***** The input *****

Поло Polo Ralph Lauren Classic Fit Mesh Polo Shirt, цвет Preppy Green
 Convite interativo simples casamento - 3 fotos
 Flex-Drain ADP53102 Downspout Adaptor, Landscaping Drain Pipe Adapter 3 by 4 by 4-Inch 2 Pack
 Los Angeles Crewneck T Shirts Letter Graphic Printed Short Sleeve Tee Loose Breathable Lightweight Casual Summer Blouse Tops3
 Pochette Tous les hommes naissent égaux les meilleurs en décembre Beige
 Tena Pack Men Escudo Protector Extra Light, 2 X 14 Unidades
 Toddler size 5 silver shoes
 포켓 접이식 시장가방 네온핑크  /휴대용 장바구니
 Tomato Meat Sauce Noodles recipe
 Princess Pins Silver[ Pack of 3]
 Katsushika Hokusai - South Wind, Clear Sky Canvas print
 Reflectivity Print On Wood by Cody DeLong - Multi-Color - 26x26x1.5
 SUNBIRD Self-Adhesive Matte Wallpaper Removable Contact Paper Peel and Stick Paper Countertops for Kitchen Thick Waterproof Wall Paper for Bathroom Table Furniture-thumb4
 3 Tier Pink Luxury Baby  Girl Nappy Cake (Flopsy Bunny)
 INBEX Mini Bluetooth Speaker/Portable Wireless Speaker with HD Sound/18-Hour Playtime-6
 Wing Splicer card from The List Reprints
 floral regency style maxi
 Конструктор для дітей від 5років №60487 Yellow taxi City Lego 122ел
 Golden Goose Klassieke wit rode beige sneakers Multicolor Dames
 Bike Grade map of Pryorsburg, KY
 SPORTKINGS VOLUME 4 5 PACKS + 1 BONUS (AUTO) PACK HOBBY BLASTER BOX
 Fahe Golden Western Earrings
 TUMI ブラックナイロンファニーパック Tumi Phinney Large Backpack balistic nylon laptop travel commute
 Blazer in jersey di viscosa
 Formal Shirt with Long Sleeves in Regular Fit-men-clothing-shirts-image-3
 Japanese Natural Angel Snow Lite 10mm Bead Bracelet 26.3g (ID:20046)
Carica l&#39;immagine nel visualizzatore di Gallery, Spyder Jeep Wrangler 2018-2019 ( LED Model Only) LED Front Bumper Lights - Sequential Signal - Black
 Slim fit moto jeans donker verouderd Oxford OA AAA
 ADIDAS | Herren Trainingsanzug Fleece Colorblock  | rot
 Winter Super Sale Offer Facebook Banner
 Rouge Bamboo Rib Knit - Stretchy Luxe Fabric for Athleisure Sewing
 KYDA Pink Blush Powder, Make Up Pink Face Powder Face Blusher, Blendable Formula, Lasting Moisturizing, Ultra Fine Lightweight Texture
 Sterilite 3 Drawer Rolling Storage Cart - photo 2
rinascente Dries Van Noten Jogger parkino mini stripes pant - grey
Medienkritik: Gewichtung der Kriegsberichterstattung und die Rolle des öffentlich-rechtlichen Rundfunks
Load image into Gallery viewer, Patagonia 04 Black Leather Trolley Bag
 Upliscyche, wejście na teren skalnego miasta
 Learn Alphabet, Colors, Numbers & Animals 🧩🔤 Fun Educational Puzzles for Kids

*****

Problem: Copy all lines of the preceding data that hold the word "Gallery".

Task answer:
Carica l&#39;immagine nel visualizzatore di Gallery, Spyder Jeep Wrangler 2018-2019 ( LED Model Only) LED Front Bumper Lights - Sequential Signal - Black
Load image into Gallery viewer, Patagonia 04 Black Leather Trolley Bag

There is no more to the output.